The head of D.C. Health Link will tell Congress on Wednesday that 17 members of the House and 585 staffers were among the tens of thousands of victims of last month’s data breach at the local health insurance marketplace.
According to a copy of the testimony she’ll give to a joint session of the House panels on Administration and Oversight and Accountability, Mila Kofman, the executive director of the D.C. Health Benefit Exchange, the Washington, D.C., agency that runs the marketplace, will detail how the breach occurred and how widely it spread across Congress.
Kofman will say that a review by the threat-intelligence firm Mandiant found that a cloud server was misconfigured to allow access to the exchange’s weekly reports without user authentication. These settings, she’ll tell lawmakers, were not malicious, but the result of human error.
“Let me be clear at the outset: the cause of this breach was human mistake,” Kofman’s testimony reads.
D.C. Health Link was created as a result of the 2010 Affordable Care Act, allowing city residents who do not have employer-provided health insurance to purchase plans. Members of Congress and their staffs are also required to obtain their health coverage through one of the Obama-era law’s exchanges, making D.C.’s program a popular option on Capitol Hill.
The D.C. Health Benefit Exchange learned of the breach March 6 when it learned that unauthorized individuals had gained access to its files and posted 11 records on BreachForums, a popular site for cybercriminals to buy and sell stolen data. A site member eventually posted a volume containing more than 67,500 unique D.C. Health Link records.

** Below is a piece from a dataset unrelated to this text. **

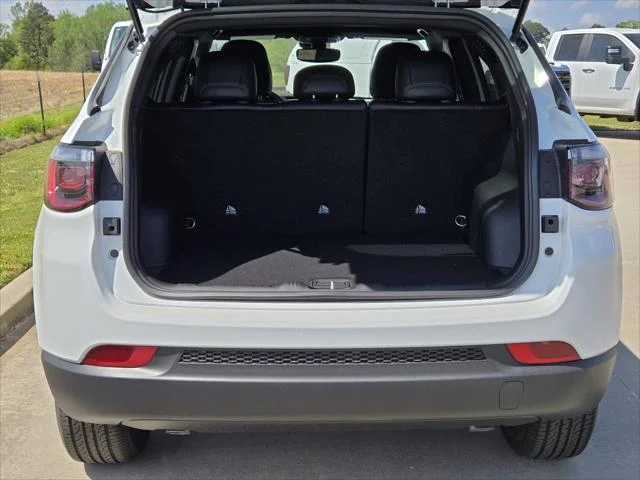 New 2026 Bright White Clear-Coat Exterior Paint Jeep Latitude image 7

CyberScoop reported last month that the Health Benefit Exchange sent breach notification letters to 56,415 customers — a figure that included 21 members of Congress, as well as tens of thousands more residents of the nation’s capital. Along with the 17 House members and 585 staffers, the victims include 43 lawmakers’ dependents and 231 staff dependents.
According to Kofman’s testimony, the breach was sealed up March 8. Her agency proceeded to notify a half-dozen federal agencies and obtain three years of credit monitoring for breach victims. Mandiant finished its review last Friday, and the firm’s findings are expected to be discussed during Wednesday’s hearing.
BreachForums shut down last month when the FBI arrested a 20-year-old man suspected of running the site from his parents’ house in Upstate New York.